=== Section Start ===

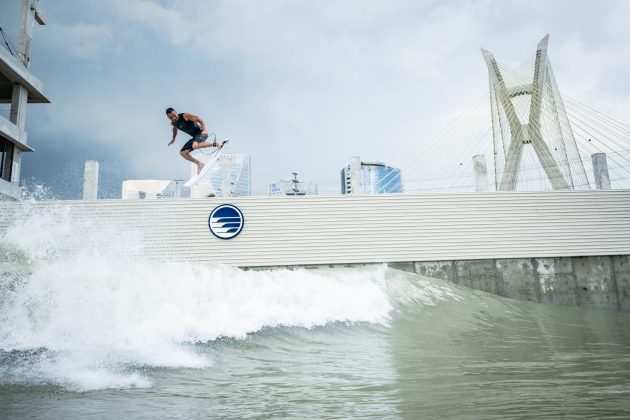 Italo Ferreira, São Paulo Surf Club, São Paulo (SP). Foto: Marcelo Maragni.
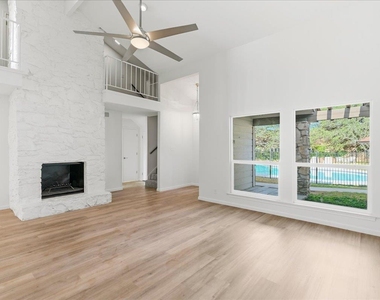2217 Onion Creek Pkwy - Photo Thumbnail 7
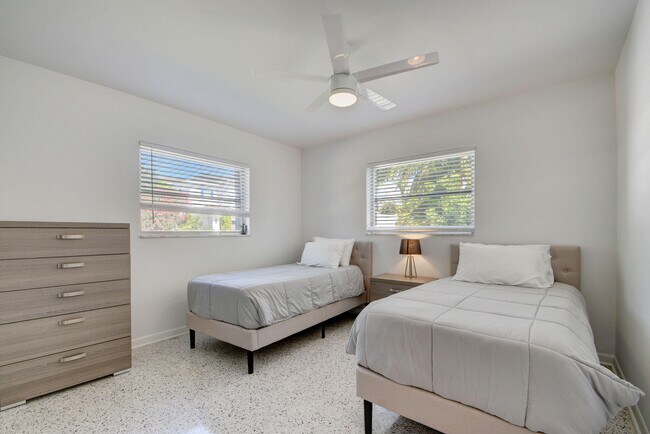 Building Photo - 1171 Bimini Ln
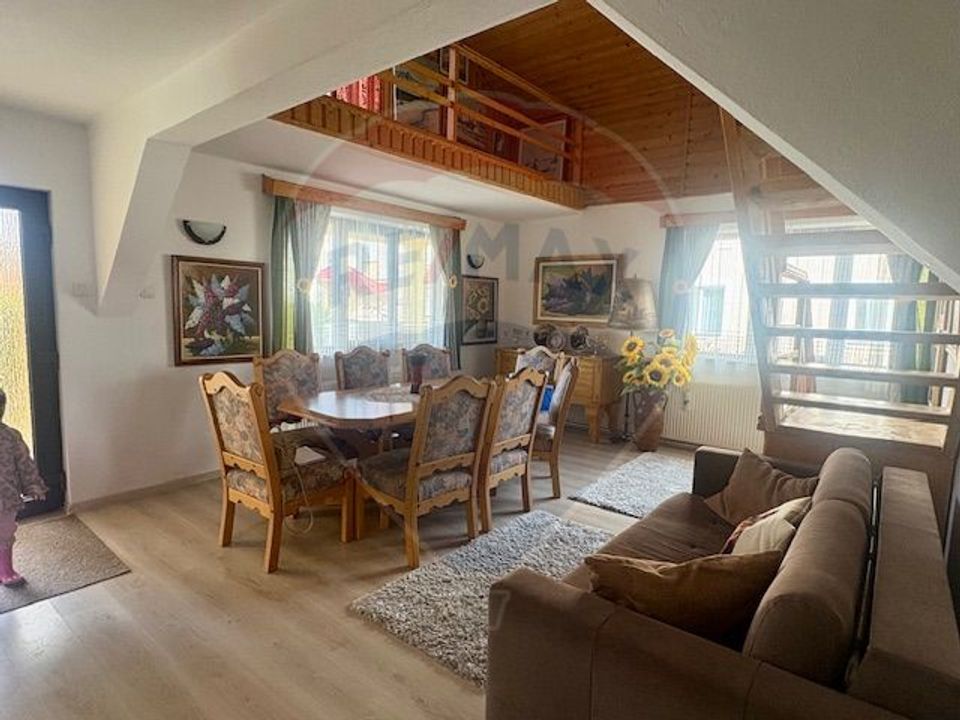 6 room House / Villa for sale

=== Section End ===

§ What the task asks
Omit every picture, then repeat the remaining data exactly as it appears above.

§ Task answer
 Italo Ferreira, São Paulo Surf Club, São Paulo (SP). Foto: Marcelo Maragni.
2217 Onion Creek Pkwy - Photo Thumbnail 7
 Building Photo - 1171 Bimini Ln
 6 room House / Villa for sale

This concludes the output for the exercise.